Re: Any better way to ensure WAL continuity over failovers ?

harinath kanchu <kanchuharinath@xxxxxxxxx> · Tue, 11 Mar 2025 15:41:12 -0700

Hello Mohit,

> Do you have any status of what happened later you did that change?

We are currently making connection from the standbys to primary for
fetching the last archived WAL file info, and it's working as
expected, we never observed any gaps in the WAL files in the archive
storage after this change.
As the primary is the only one that uploads the WAL files, we are
within the API limits of the archive storage.

But I felt making connections every time is a big bottleneck and
sometimes you have to use superuser to get the last few connections
reserved, in case the user is bombarding the database with a lot of
connections already.

If the info is given to standby continuously without connections, it
will be great, and one way I thought of is using the "Wal Sender Keep
Alive" messages.
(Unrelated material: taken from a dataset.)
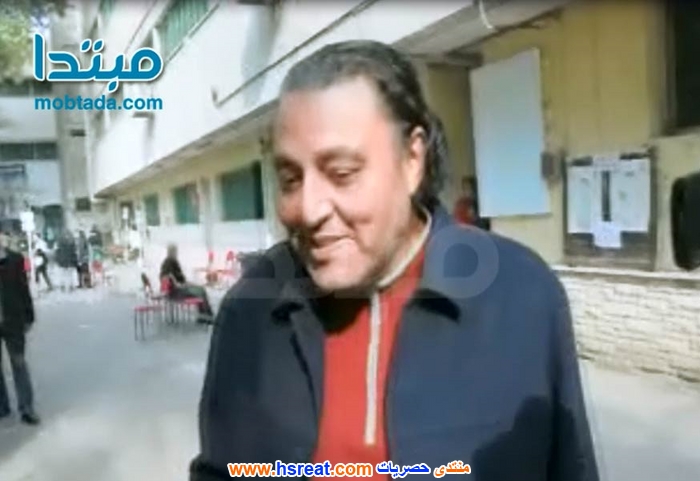 صور-حسين-الإمام---اجمل-و-احلى-صور-حسين-الإمام-10.jpg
I am yet to test this in production, but want to
check the feedback of the community before doing so.

Thanks,

Best,
Harinath

On Tue, Mar 11, 2025 at 10:15 AM Mohit Mishra
<mohitmishra786687@xxxxxxxxx> wrote:
>
> Hello Harinath,
>
> Do you have any status of what happened later you did that change?
>
> It will help understand your context better.
>
> Br,
> Mohit
>
> On Tue, 11 Mar 2025, 07:22 harinath kanchu, <kanchuharinath@xxxxxxxxx> wrote:
>>
>> Hello Postgres Admins,
>>
>> We have a PostgreSQL setup with a primary and 2 standby nodes, with
>> synchronous_commit on and sync_standby_names = ANY 1(standby1,
>> standby2).
>>
>>  Assuming we use 'archive_mode = on' on all replicas, in the event of
>> a primary failure and subsequent failover to a standby node, there is
>> a risk of the primary having failed to upload some WALs to archive
>> storage before the failover.
>>
>> On the other hand, setting 'archive_mode = always' ensures WAL
>> retention on standbys but introduces additional inefficiencies - this
>> would likely require trying to upload each WAL segment from each
>> standby, or at the very least making additional calls to check for WAL
>> presence in the archive. This can be costly and may not scale well.
>>
>> Is there a recommended and optimal way to ensure all WAL files are
>> always uploaded, even across failovers?
>>
>> Here's how we ended up addressing this:  we set 'archive_mode =
>> always' on all replicas, but in our archive_command on standby nodes,
>> we connect to the primary server and query `pg_stat_archiver` to
>> determine the last successfully archived WAL file. Based on this
>> information, the we either returns an exit code 0 (if primary confirms
>> WAL was archived) or a non-zero value (primary has not, or fails to
>> respond).
>>
>> This enables us to retain all WALs on the standby that have not so far
>> been archived by the primary, and prevents redundant uploads - but it
>> involves additional communication between standbys and the primary.
>>
>>  My idea for a more robust solution is to include the last
>> successfully archived WAL file information in the keep-alive messages
>> sent from the primary to standby nodes. This would allow standby
>> servers to use this data directly, eliminating the need for extra
>> queries to the primary.
>>
>> If the community finds this approach useful, I would be interested in
>> contributing a patch to implement this improvement. Please let us know
>> your thoughts!
>>
>> Thanks,
>>
>> Best,
>> Harinath
>>
>>